A whole portrait of America was taken from us in an instant: individuals of every race, religion, and ethnicity; fathers and mothers, children and newlyweds, brothers, sisters, and best friends. Amid our grief we now see that New York had been distracted by flash and wit and cash for too long. The heroic actions of those we lost reawakened us to the essential importance of personal courage. Overnight, and somewhat to our surprise, New York has been embraced as the nation’s symbol of resilience, the indomitable heart of America.

On my desk is a list of every firefighter, police officer, and uniformed service member who died in the line of duty on that day. Their names fill 47 pages. As Mayor Giuliani’s speechwriter, it has been my responsibility to write or edit each of their eulogies. The New York City Fire Department had lost 778 men from its founding in 1865 until Sept. 10, 2001. In the course of one morning, it lost nearly half that historic total. Nothing had prepared the city or the department for this volume of loss. And so it fell to four of us in our small office to do the best we could to do them justice, to say thank you, to provide some measure of comfort to their families on behalf of their city.

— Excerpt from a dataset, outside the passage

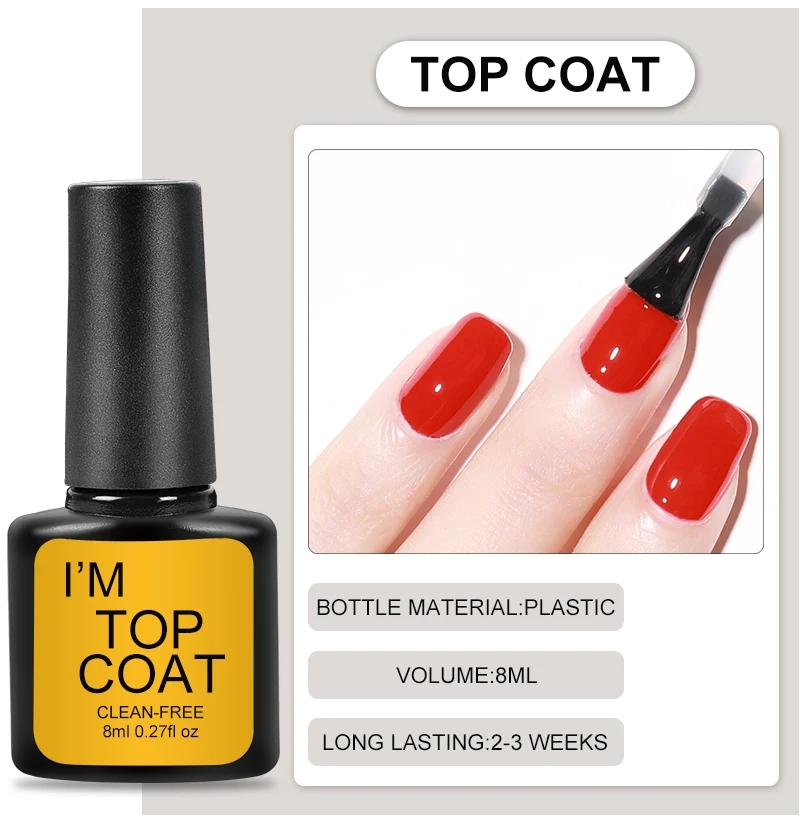 4 Pcs/Set Top Coat And Base Co - огляд і ціна Resin Art Use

It should not be forgotten that September 11th began as a beautiful blue-sky day. Primary elections were being held throughout the city, and as people were lining up to vote at polling places or dropping their children off at school, suddenly they stopped and turned their heads toward a rumble in the sky. It was 8:46 a.m. The pilot of the first hijacked airplane, Mohammed Atta, was flying American Airlines Flight 11 low and loud down the length of Manhattan with the lives of 92 passengers in his hands, above stores, churches, and finally past the Washington Square Arch as he aimed for the heart of the Twin Towers.

The first plane flew by my window. I was sleeping late after a long weekend of work, when my girlfriend heard the roar of its engines approaching. She shook me and we both saw its silver underbelly pass by the window of my fifth-floor walkup in Greenwich Village. We assumed it was going to crash, but the plane seemed strangely in control to be flying so low. We waited for impact, heard a faint sound, and then saw the beginning of the black smoke curl above the trees, beyond the church steeple of Our Lady of Pompeii. Then the first sirens of that long day sounded in the distance. I recalled that a plane had once crashed into the Empire State Building in 1945. Despite the cloudless sky, I tried to convince myself that this also could have been an accident.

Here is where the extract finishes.